Please take the lines from the one holding "Modern blue glass" through the one holding "JIAMING No Poop" in the data below and copy them exactly.

--- Exercise material Enclosed Below ---

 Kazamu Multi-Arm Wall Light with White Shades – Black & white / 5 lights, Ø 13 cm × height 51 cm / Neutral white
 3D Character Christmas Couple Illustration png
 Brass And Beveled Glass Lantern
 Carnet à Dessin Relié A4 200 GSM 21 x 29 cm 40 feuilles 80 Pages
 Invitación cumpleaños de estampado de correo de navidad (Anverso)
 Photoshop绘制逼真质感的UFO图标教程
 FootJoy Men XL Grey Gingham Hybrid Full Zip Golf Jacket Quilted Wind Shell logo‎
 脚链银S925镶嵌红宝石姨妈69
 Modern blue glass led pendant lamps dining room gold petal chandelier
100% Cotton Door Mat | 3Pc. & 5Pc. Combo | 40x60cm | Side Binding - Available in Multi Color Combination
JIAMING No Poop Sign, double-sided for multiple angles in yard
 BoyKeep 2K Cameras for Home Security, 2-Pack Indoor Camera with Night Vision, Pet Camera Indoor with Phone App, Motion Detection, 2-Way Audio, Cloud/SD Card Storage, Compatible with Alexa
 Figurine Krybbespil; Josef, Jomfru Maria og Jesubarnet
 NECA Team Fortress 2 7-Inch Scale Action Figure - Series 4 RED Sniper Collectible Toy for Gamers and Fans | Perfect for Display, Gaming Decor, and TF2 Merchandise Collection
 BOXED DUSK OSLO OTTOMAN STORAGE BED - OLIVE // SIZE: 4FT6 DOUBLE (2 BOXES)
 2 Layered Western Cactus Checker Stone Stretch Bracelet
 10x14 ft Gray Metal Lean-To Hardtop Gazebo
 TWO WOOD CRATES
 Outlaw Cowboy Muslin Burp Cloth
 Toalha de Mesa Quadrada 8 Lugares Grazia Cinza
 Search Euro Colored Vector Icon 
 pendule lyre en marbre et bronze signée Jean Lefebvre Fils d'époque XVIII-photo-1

--- End of Enclosed Exercise material ---

▸ **Solved problem**
 Modern blue glass led pendant lamps dining room gold petal chandelier
100% Cotton Door Mat | 3Pc. & 5Pc. Combo | 40x60cm | Side Binding - Available in Multi Color Combination
JIAMING No Poop Sign, double-sided for multiple angles in yard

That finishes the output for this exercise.